Task inputs section start

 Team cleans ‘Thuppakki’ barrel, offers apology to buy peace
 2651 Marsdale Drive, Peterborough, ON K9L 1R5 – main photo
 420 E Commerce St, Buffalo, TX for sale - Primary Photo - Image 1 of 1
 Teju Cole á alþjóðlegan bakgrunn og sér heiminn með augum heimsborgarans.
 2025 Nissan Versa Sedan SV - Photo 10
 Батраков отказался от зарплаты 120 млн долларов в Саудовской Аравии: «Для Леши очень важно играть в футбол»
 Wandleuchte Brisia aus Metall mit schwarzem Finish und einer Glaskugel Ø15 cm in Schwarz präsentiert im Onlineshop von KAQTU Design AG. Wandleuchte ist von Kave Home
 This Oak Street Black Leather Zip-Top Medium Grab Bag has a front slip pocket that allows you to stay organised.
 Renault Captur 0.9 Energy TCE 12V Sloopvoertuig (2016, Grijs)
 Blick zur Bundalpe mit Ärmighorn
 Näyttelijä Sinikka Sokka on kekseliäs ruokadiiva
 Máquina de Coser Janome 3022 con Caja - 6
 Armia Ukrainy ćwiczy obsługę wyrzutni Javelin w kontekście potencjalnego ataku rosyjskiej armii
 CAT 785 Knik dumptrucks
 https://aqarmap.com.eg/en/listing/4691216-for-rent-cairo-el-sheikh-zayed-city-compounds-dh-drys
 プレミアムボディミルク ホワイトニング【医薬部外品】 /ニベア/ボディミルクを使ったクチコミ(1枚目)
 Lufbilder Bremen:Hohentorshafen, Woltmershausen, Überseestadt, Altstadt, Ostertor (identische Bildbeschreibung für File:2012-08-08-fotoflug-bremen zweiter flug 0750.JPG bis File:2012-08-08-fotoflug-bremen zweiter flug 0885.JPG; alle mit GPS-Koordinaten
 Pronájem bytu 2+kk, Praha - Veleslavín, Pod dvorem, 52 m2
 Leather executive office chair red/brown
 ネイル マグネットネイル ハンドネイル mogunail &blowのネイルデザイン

Task inputs section end

Using the data above, tally the lines that contain the string "Leather" and state only the result.

2